Directions for this task:
Exactly retype the lines from the top of the data through the line containing "This is the", leaving out every picture.
====== Collected material
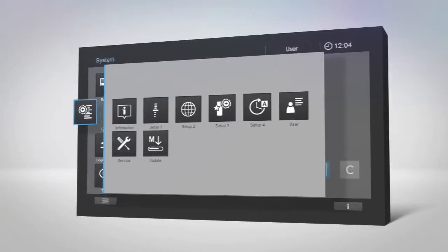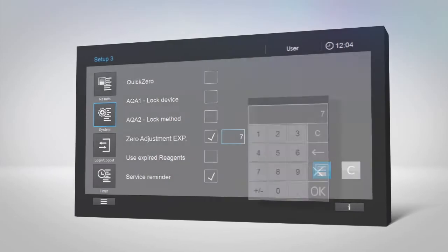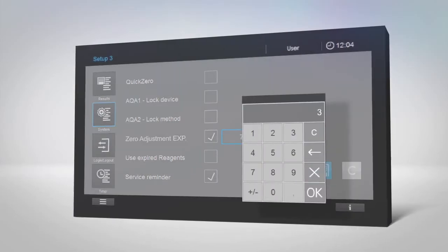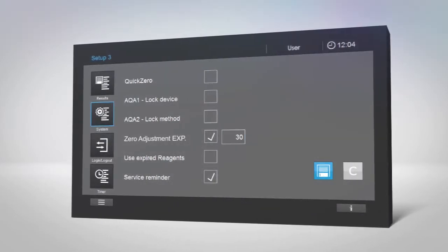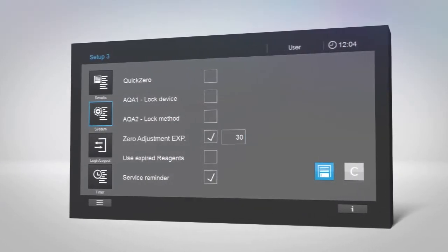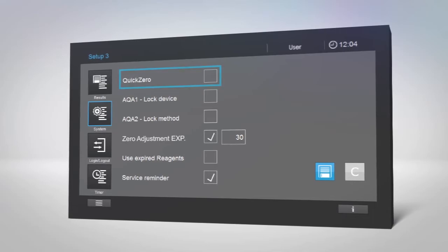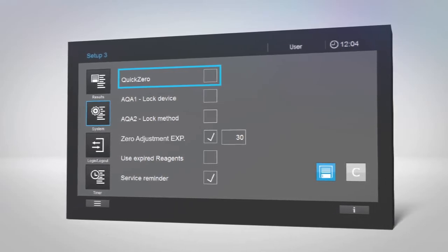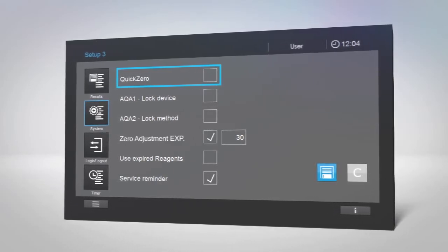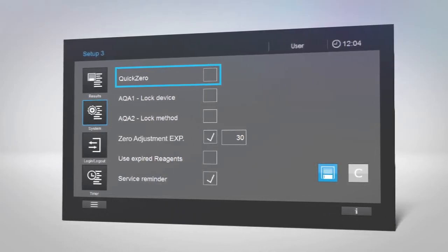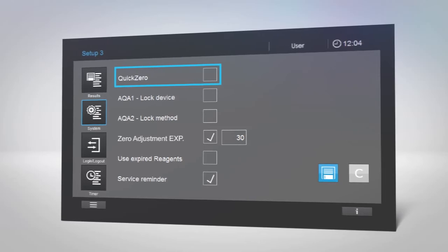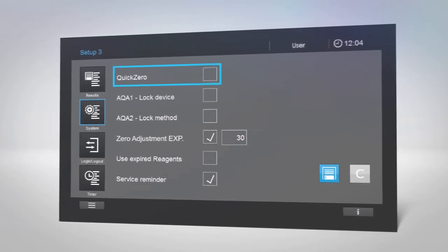In setup 3, the expiration time of the zero adjustment value can be entered manually. If you use various SpectraQuant test kits, the quick zero function will help you speed things up. It allows you to perform zero adjustment for every wavelength used in the methods of our test kits with a single touch.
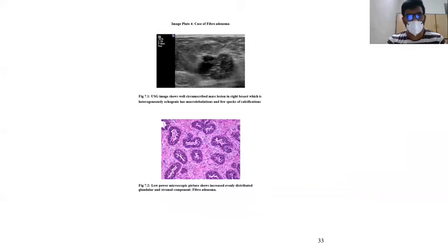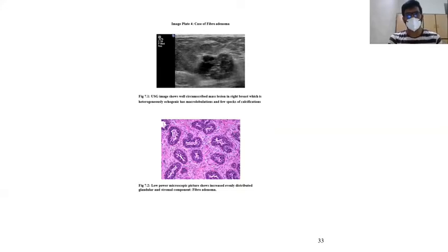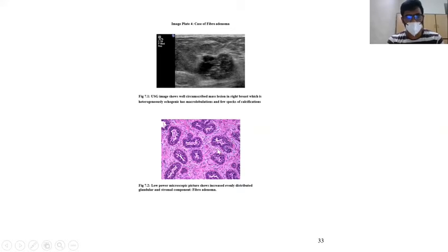This is the case of fibroadenoma. On this sonogram, we can see a well-circumscribed mass lesion which is heterogeneously isoechoic and has microlobulations with specs of calcification. The histopathological picture shows increased evenly distributed glandular and stromal components.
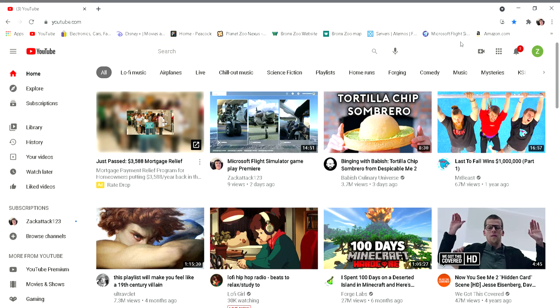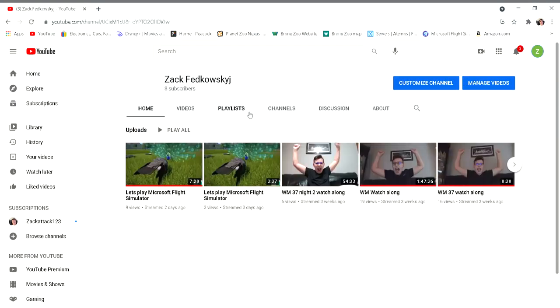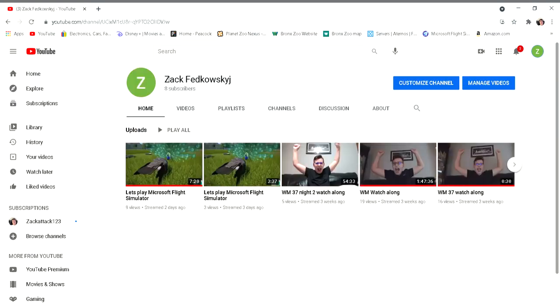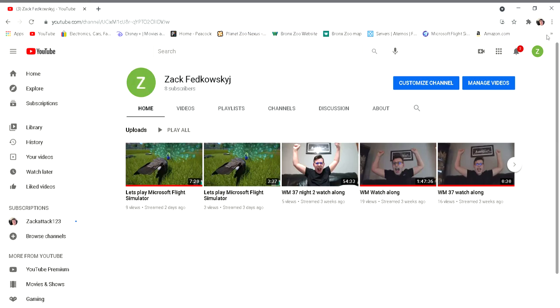So if you guys want to join, just sub to the channel. I actually put it up here, it's Zack Fedkowskyj: Z-A-C-K space F-E-D-K-O-W-S-K-Y-J, and it's got a big Z with a green outline.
============
Answer for this exercise:
In setup 3, the expiration time of the zero adjustment value can be entered manually. If you use various SpectraQuant test kits, the quick zero function will help you speed things up. It allows you to perform zero adjustment for every wavelength used in the methods of our test kits with a single touch.
This is the case of fibroadenoma. On this sonogram, we can see a well-circumscribed mass lesion which is heterogeneously isoechoic and has microlobulations with specs of calcification. The histopathological picture shows increased evenly distributed glandular and stromal components.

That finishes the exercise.